Ainda meninote, observava os jogos dos outros, não me atrevia a mexer uma peça sequer. Várias pessoas já me perguntaram o porquê de não desafiar os outros. Preferia ver a beleza do xadrez pelas mãos dos mestres. Meus livros são partidas feitas por outrem *procurar imperfeição em partidas mestres pode ser um tanto desafiador*. Tenho uma fórmula eficaz para escrever um romance, o problema é que a crítica acaba dizendo que é romance pastelão. Nunca me disseram isso claramente, mas sinto que comentam. Não quero um romance pastelão. Quero um novo romance. Todos os meus livros é como um pastel gigante: cheio de massa e com pouco recheio.
Recheio é o que faz um livro não ser lido por muita gente. Recheio é o que faz o livro ser lido por poucos, que são considerados intelectuais. Meus quinze livros são todos cheios de palavras, as mesmas palavras e com os mesmos significados *todos os livros com ampla tiragem*. Meu editor, diante da fala do publicitário, disse que eu devia escrever um livro cult, um livro que deixasse a crítica deslocada. Coletar as histórias desse povoado *Santo Antônio de Goiás*, dessas pessoas que pouco mencionaram as suas histórias a outrem – seria uma forma de rebater os termos pejorativos que perpassam minha imagem.
Minha imagem pública é uma casa de sete quartos de portas abertas *a oitava é a porta de entrada*. Sete quartos com vinho, peças de xadrez, jornais e livros à porta e um cão que late lá fora, que ouço o renitente latido. Minha imagem é um sítio no interior, lugar de terra vermelha, onde um moço entrega jornais e traz leite todos os dias pela manhã. Minha imagem é a mesa de jacarandá. As portas abertas e o café frio  *o marcador do word aterroriza até o diabo*. Minha mulher silenciosa fazendo um novo café que ficará gelado, que será tragado fazendo cara feia. Minha imagem são quinze livros escritos de massa de pastel.
Pastel quente – vou ao banheiro, Amor. Não vou comer, não vou queimar minha boca.
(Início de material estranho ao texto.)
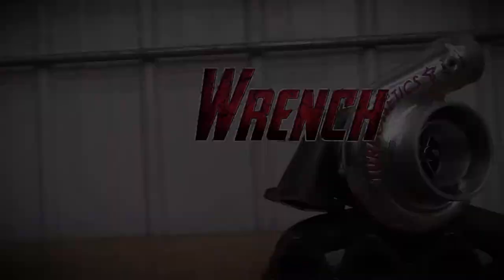What's up guys, welcome back to Wrench Avengers. Today I'm going to be showing you how to make an actual 50-50 mix of water and methanol.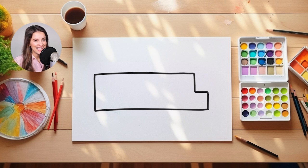Now that we have the very outside of our school bus, let's add our windshield. Our windshield is super easy to draw. What we're going to do is we're going to create a rectangle shape like this right at the front of our school bus where our driver would sit.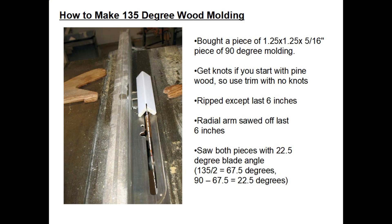I took this home, put it on the table saw, and ripped it as shown in the photo, except I stopped about the last six inches because I didn't want the pieces to collapse in the saw and get jammed up. I stopped with six inches left, took the piece, and sawed that last six inches off using a radial arm saw. Then I took both pieces, set the saw blade at 22.5 degrees, and sawed them to give the proper angle. For a 135 degree joint, you divide by two — each piece has to be 67.5 degrees — but you can't set the table saw to that; you have to set it at 90 minus 67.5, which is 22.5 degrees.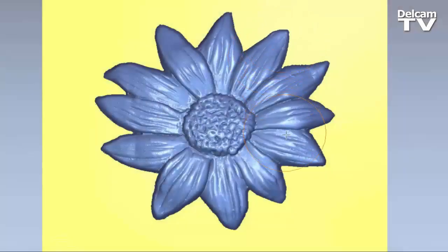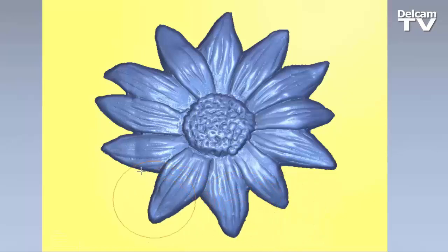There's a new sculpting tool within ArtCam 2015 which is called the Putty Sculpting Tool, and it allows you to do localised distortion.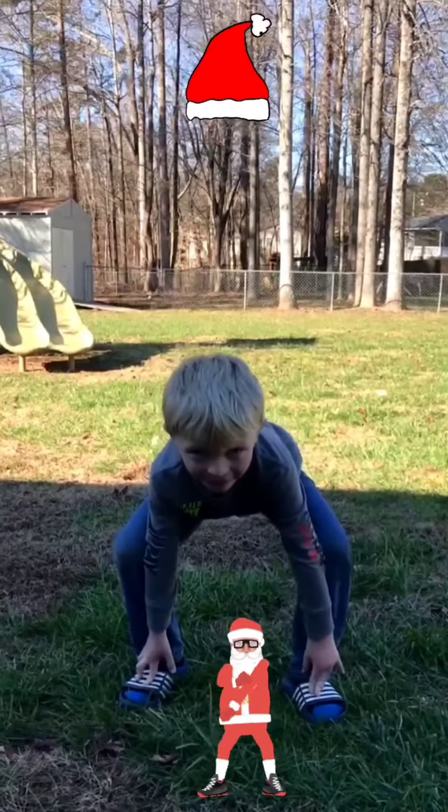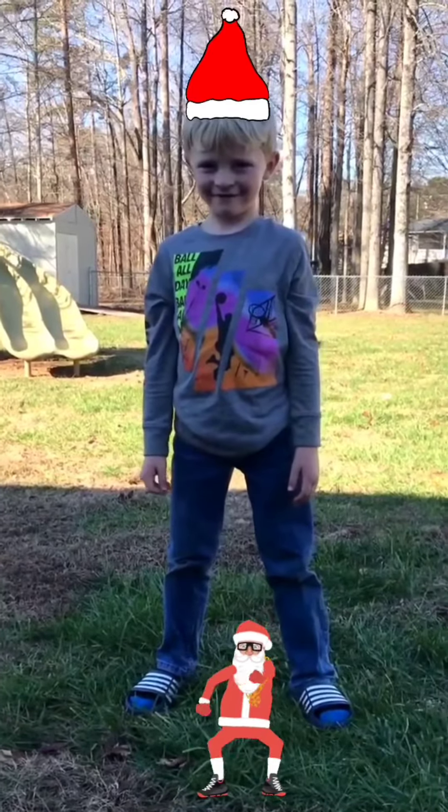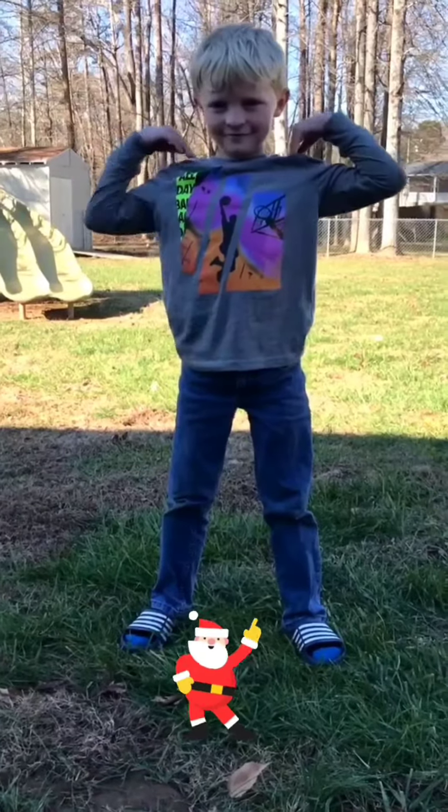Santa says stand up tall. Touch your knees. Santa says touch your shoulders. Santa says touch your nose.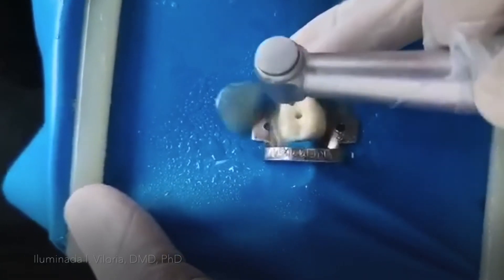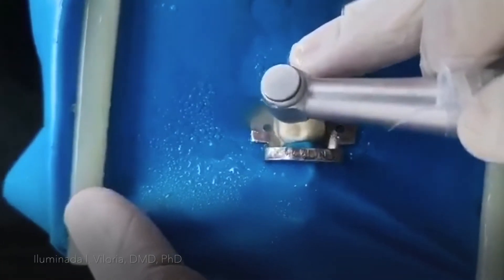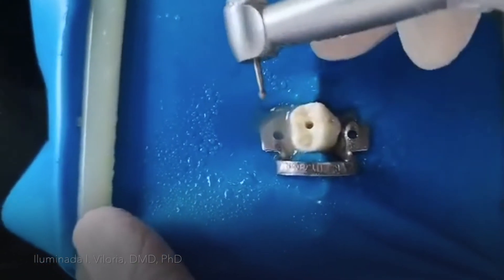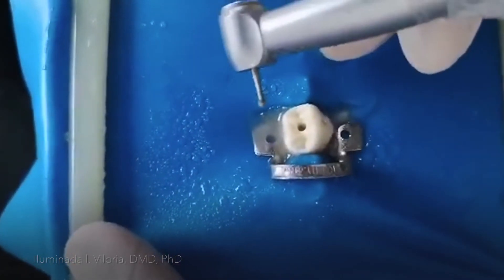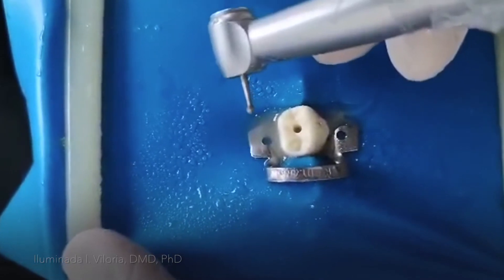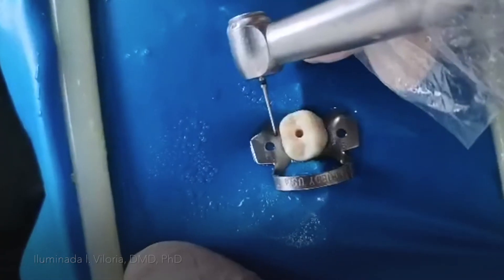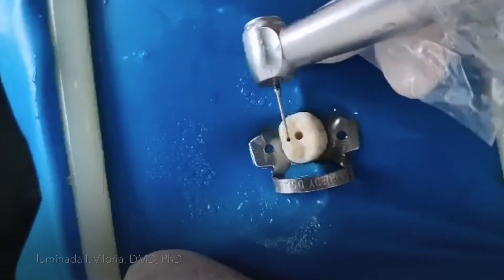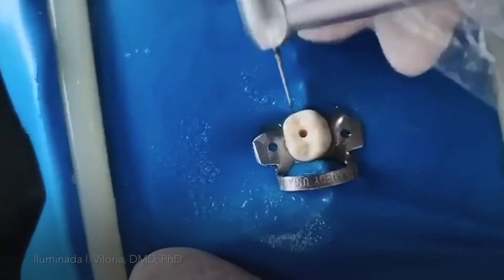Since I have enough depth, I'm now ready to change my round burr into a smaller one with a long shank. I have changed my round burr into a long shank and it's now smaller so that I can easily achieve the drop-in.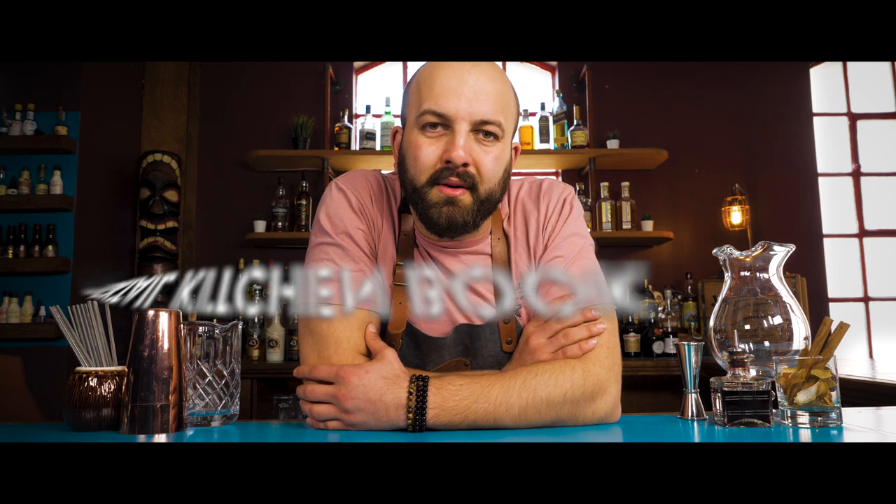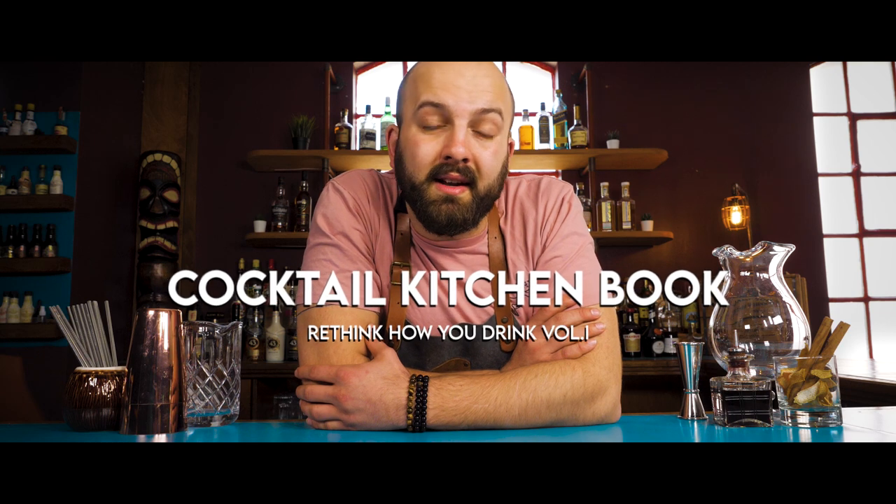Hi, Callum here, and today I'm going to show you how to make the lime cordial from the Cocktail Kitchen book. The equipment we're going to need is a metal bowl, a fine mesh sieve, a muddler or rolling pin, some scales, and if you want, a whisk to make your life a little bit easier.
O pastel está cheio de recheio, pesado, enquanto meus livros são pastelões com pouca alternância de léxico. Se minha mulher escrevesse um livro, seria um livro de recheio, de receitas quentes e açucarada. Se minha mulher escrevesse-escrevesse o café matinal, o café quente que se torna frio diante de minhas mãos. O pastel que, mesmo frito na hora, se metamorfoseia em pão amanhecido diante de mim, diante das minhas mãos...
 Corpo, tudo. Tudo em mim é massa sem recheio. Meu corpo é gordo como uma bola de neve. Não há músculo para perfazer a silhueta, nem gordura propriamente dita. O que há é retenção de líquido. Meu corpo é inchado – inchado de quê? Meu corpo é inchado de massa de pastel que não é possível ingerir. Atrás de mim tem uma varanda de portas abertas e o vento, insistente, sacode os cabelos da cortina, mas prefiro apenas ouvir o chiado. Não vou olhar. Lá deve haver uma paisagem, que pode ser bela, mas que o nome é paisagem. E, como sei o nome, o que hei eu de fazer olhando algo que já sei soletrar? Paisagem é o vinho, o marcador do word, a mesa de jacarandá, os jornais, os livros e meu tabuleiro de xadrez aos moldes de Fischer *passagem*.
Xadrez já me é parte. Meu tio foi preso em um presídio de segurança máxima, porque comercializava tabuleiros de xadrez do exterior, comércio ilegal. Meu tio jogava xadrez por detrás das grades e vencia a todos. Enxadrista do caralho! Não tinha para ninguém. Será preciso ser o próprio livro para escrever uma obra minimamente original? Comercializar tabuleiros para vencer a todos? Só conhece o vinho quem o traz à boca, quem faz o vinho correr pelo palato mole, duro, língua, tudo. Só lê jornais quem quer ser notícia um dia. Vou dormir com um livro de cabeceira, um livro como aquele que quero escrever. Cadê?






Varanda-sem-jacarandá
 (Cap II)

        
– Maria, eu vou dormir aqui.
Na sala, mesa de jacarandá e colchão – vou dormir aqui. É colchão de solteiro, mas vai bem, vai bem. Durmo grosso como quem toma remédios. Sexo, não, hoje não. Estou um saco arremessado do décimo andar, um saco de pastelão que cai e espatifa ao chão.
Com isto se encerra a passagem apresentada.